Interpretation of Pearson correlation results I have a question about interpreting the Pearson Correlation Coefficient results. As you can see in the figure below, the r-value is close to 0 (no correlation) but the p-value is 0.98 (no confidence/no significance). So, it is correct to say "no correlation with high significance" means "either positive or negative correlation"?

 A: If you did what I think you did, that is estimated a (Pearson) correlation coefficient and performed a null hypothesis test, then the results are telling you that the correlation coefficient is equal to $0.01$ and that the p-value is equal to $0.98$.
The p-value is referring to the null hypothesis (which you are trying to reject), which is that the correlation coefficient is equal to $0$, the alternative being that the correlation coefficient is not equal to $0$ (for a two-sided test).

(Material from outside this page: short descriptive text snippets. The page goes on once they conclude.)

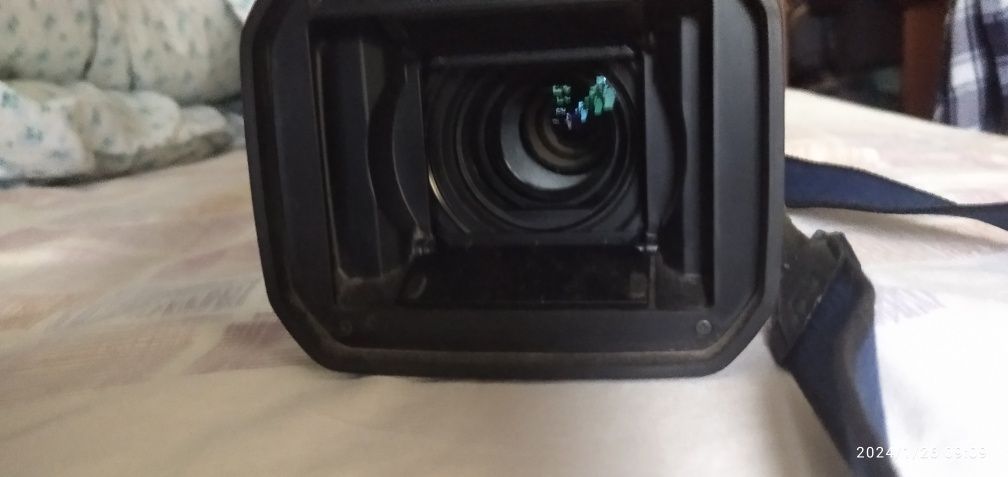 Soni DCR-VX2100E відеокамера.
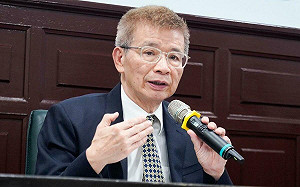 周台英鞠躬道歉挨轟  校長喊話「別影響其他案子」再惹眾怒 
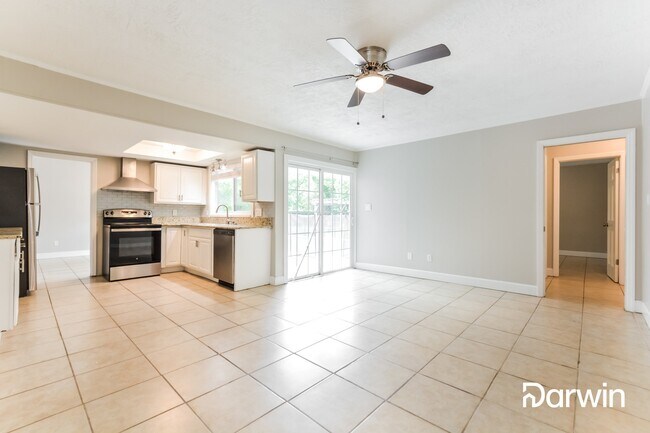 Building Photo - 160 Softwind Trail
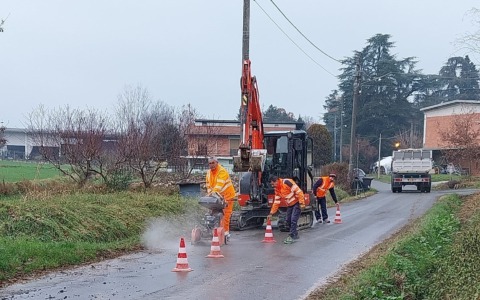 Rotta una tubatura a Valmadonna: stop all’erogazione dell’acqua in via Costanza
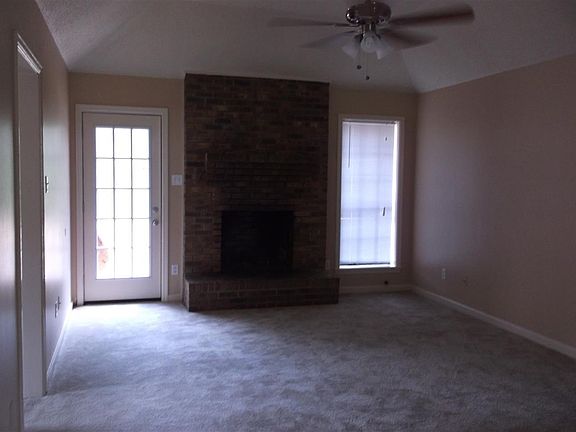 3rd image of 445 Sassafras Cir
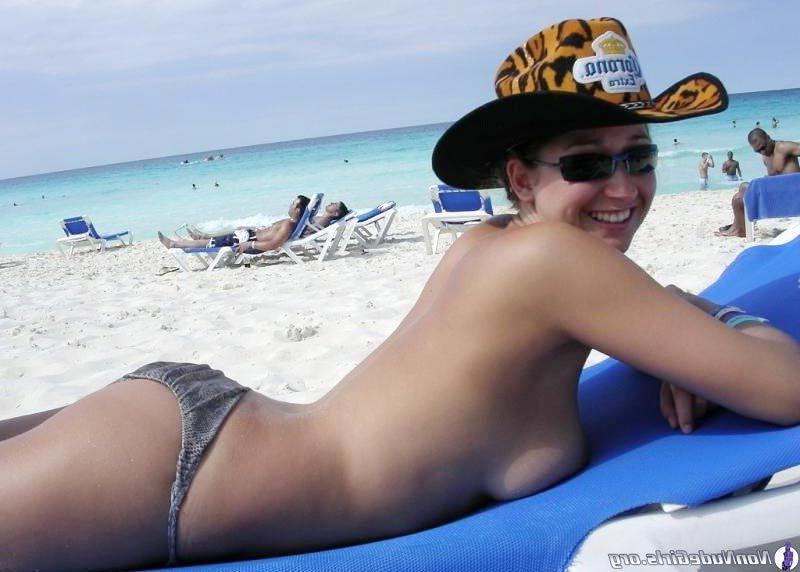 20P Pictures of super-hot girls in bikinis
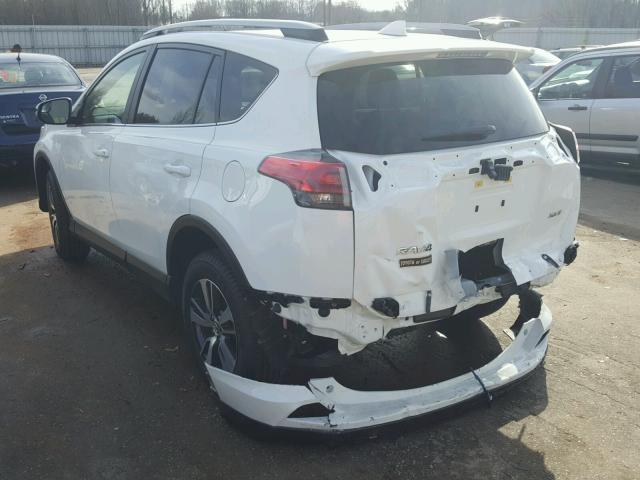 JTMWFREV6HJ127696 - 2017 TOYOTA RAV4 XLE WHITE photo 3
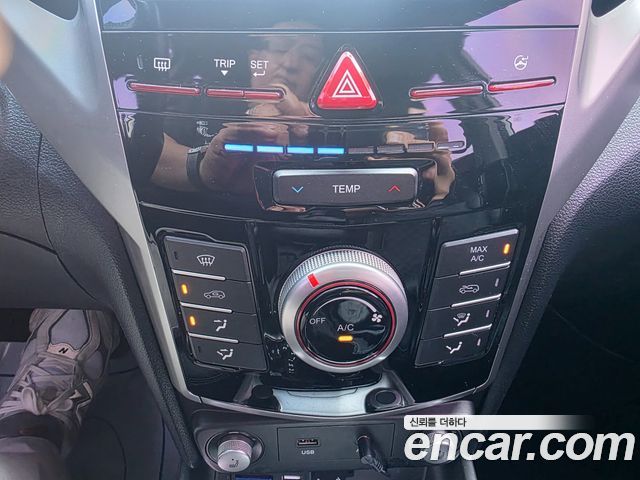KG Mobility (SsangYong) Tivoli Diesel VX 2WD 2016 — фото 19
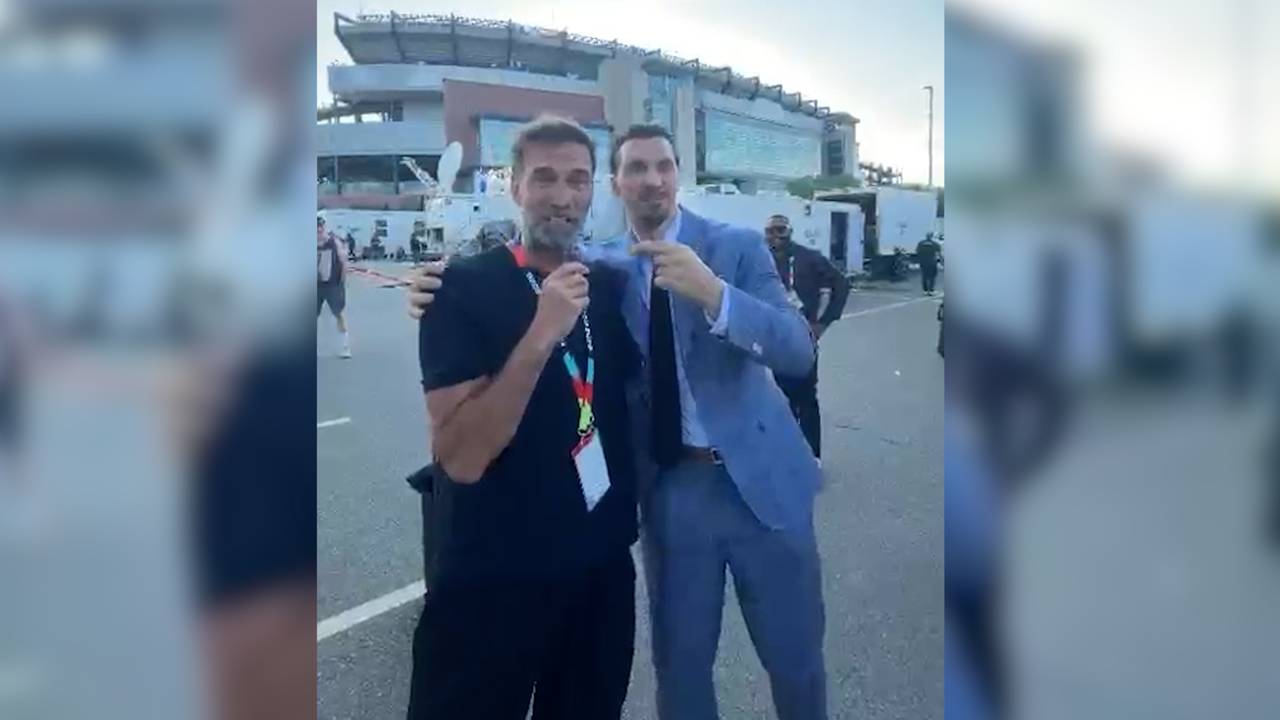 Auf Deutsch! Plötzlich crasht Zlatan das Klopp-Interview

Since you did not reject your null hypothesis (assuming an $\alpha<0.98$, usually $0.05$), because your p-value is equal to $0.98$, then you keep your null hypothesis of no correlation (the coefficient being equal to $0$), despite the estimated coefficient of $0.01$.
Note: your data does not really appear to be linear in the first place, so a Pearson correlation coefficient is probably not appropriate.
A: I'm going to advise you to dispense with the specifics of the math for a moment.  Look at your plot.  Do those data look linear?  At all?
If your answer to that question is "no," then you can stop trying to interpret the results of your linear regression.  The results you've gotten are consistent with the regression being uninterpretable - but you don't need the mathematical results to see that this is an inappropriate model that you should abandon.  All you need is to glance at the graph.